I also called a housecleaning service and they came last week and did a deep clean, and will be coming every couple weeks. This was a hard thing for me to do -- I like everything just so, and they put stuff back in the wrong places, etc., but I can't even take the time to clean my house and I'm a neat freak. It's just gotten to a place where I want to cry all the time looking at how shitty everything looks, and I'm scared because there are spiders everywhere from the fact that there are cobwebs everywhere because I can't find the time to clean under and around stuff. At some point you have to ask yourself if your OCD is more important to you than having your house livable, and if you're working to live or living to work. Like they always say, no one ever said on their deathbed that they wished they'd worked more.

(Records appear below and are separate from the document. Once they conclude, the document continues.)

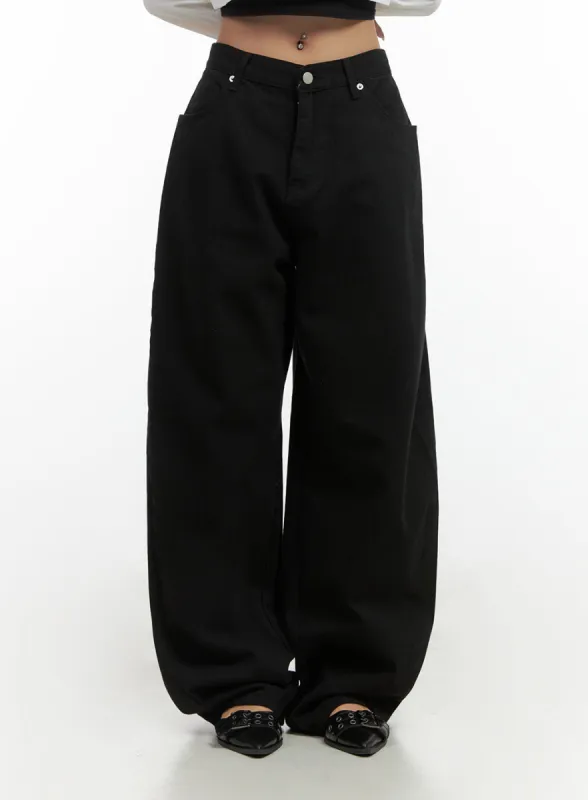 Comfy Cotton Wide-Leg Trousers CO414 sold by Lewkin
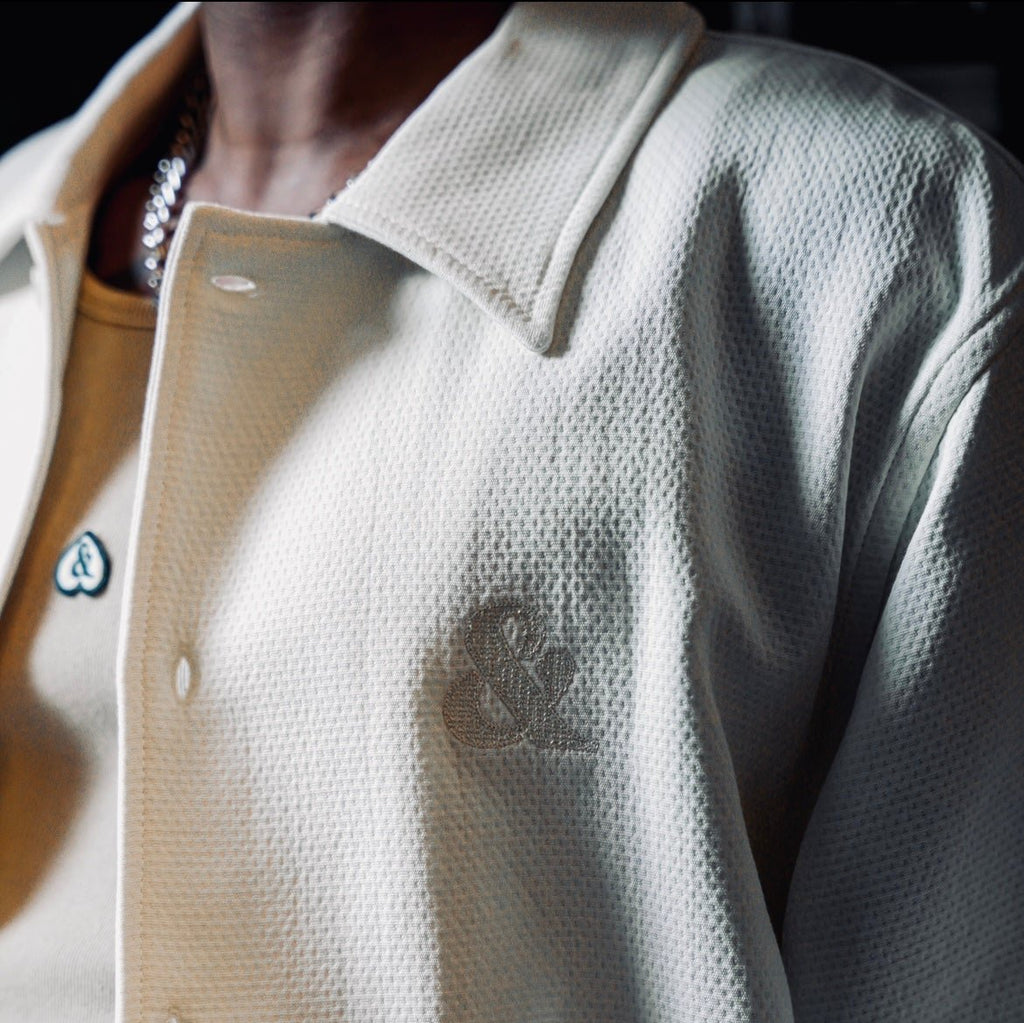 Camisa de botones y mangas cortas efecto galleta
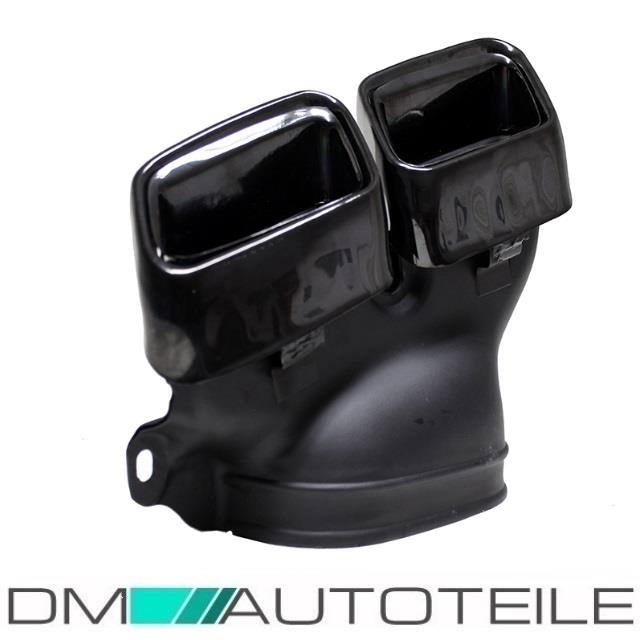 Mercedes W212 W222 Auspuffblenden Chrom Schwarz 4-Rohr Edelstahl + Zubehör E63 S63 AMG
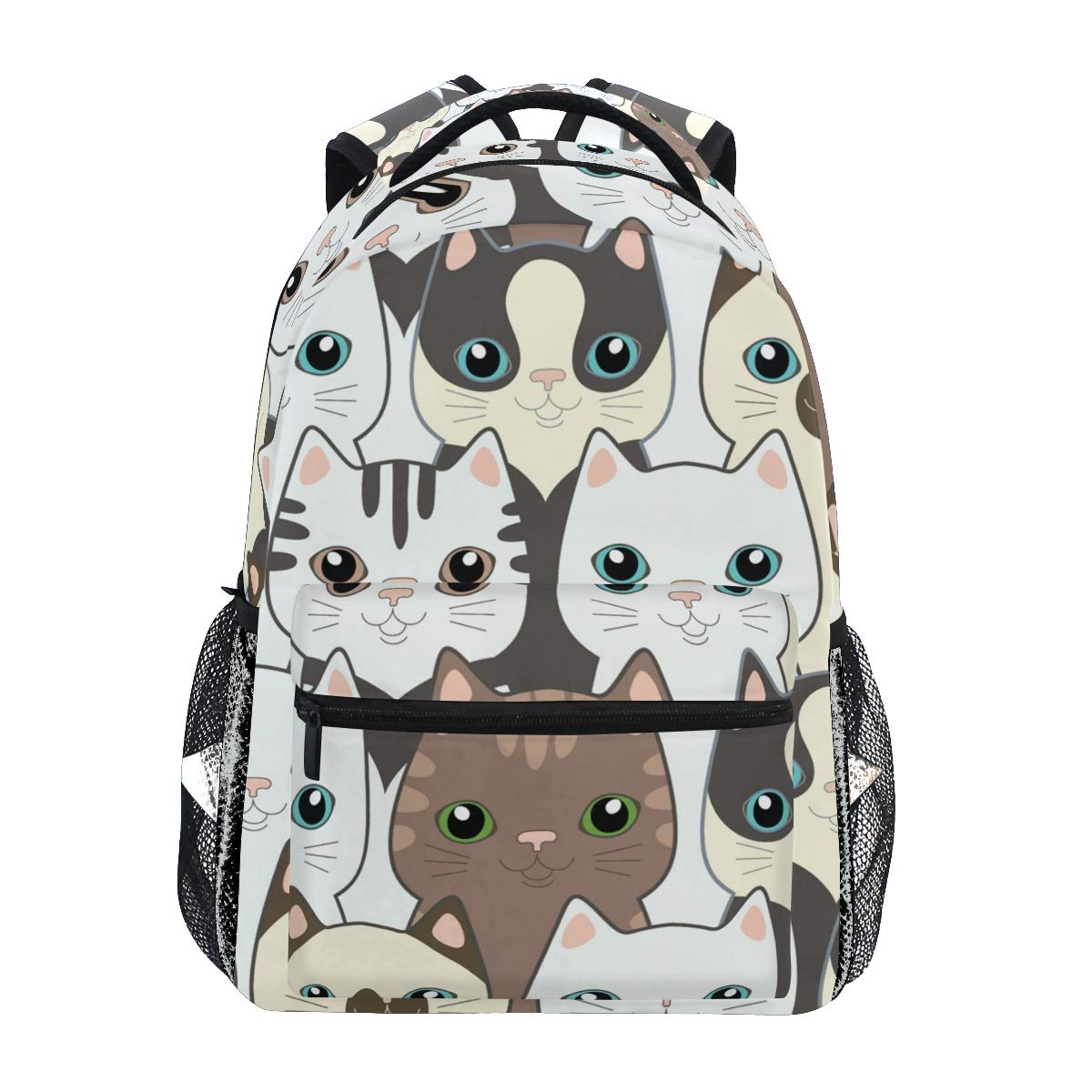 BEUSS Gato De Dibujos Animados Gatito Mochila Escolar Impermeable Mochilas Escolares para Estudiante Niños Adolescentes Niñas Niños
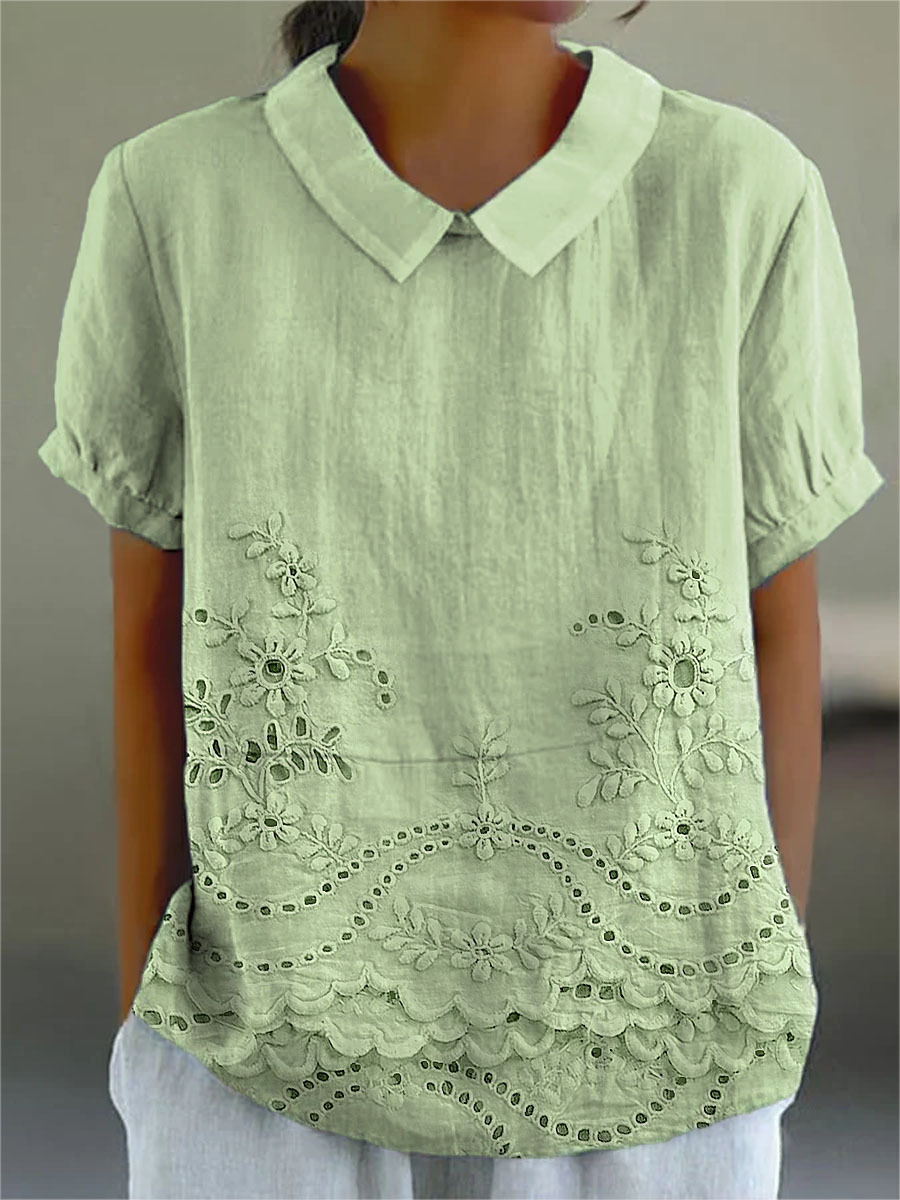 Women's Vintage Floral Art Print Casual Cotton And Linen Shirt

I'll see how it goes, but boy do I feel like an assface for having a housecleaner and a personal chef (maybe). I'm an old, single, fat, freelancer with no social life, but hey, someone comes to clean my house and make me food! ::dies of shame:: My mom would probably be rolling her eyes in a Tony Stark-level face, but my sister and dad would probably go, good for you. I never know which ghost to listen to. It's hard to let go of "things I can do for myself" and think more in terms of "things I don't do for myself but I should."
I'm also in the middle of trying to remodel/redecorate. It took me until this year to figure out that whenever someone I love dies, I go into remodeling mode. I did it after mom, I did it after my second mom Mrs. O, I did it in a huge way after sis_r, and now after dad_r. I don't know why I didn't see the pattern before, but there it is.
Maybe when all this is done and I've settled into being a douche who hires people to do things she can do, I'll have more time to write fic and...gasp! real writing, and vid. If I can ever figure out how I want that vid to go.
Have another Hawaii pic. I think, though am not entirely sure, this may be a peach palm.